Scraped caption text data
- - -
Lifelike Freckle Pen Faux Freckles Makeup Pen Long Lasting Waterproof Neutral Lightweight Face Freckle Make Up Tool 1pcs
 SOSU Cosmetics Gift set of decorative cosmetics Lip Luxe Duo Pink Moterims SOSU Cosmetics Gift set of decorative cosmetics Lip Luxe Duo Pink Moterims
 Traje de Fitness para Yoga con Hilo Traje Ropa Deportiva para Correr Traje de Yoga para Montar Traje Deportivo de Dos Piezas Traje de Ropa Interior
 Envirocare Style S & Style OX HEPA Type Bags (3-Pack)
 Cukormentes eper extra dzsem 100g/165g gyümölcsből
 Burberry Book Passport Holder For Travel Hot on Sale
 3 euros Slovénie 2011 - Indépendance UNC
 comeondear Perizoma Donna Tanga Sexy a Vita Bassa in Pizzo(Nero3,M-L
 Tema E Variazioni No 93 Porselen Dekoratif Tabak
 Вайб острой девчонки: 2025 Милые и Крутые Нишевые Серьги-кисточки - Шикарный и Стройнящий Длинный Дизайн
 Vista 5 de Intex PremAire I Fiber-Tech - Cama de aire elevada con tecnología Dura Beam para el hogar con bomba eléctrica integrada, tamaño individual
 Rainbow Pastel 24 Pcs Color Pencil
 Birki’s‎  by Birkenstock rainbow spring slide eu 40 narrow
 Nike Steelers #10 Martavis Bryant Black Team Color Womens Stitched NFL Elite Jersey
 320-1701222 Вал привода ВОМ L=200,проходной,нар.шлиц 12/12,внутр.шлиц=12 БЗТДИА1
- - -
> _Your instructions_
Using the records above, output exactly the lines from the first through the line that contains "Pink Moterims SOSU", with both of those included.

> _Exercise output_
Lifelike Freckle Pen Faux Freckles Makeup Pen Long Lasting Waterproof Neutral Lightweight Face Freckle Make Up Tool 1pcs
 SOSU Cosmetics Gift set of decorative cosmetics Lip Luxe Duo Pink Moterims SOSU Cosmetics Gift set of decorative cosmetics Lip Luxe Duo Pink Moterims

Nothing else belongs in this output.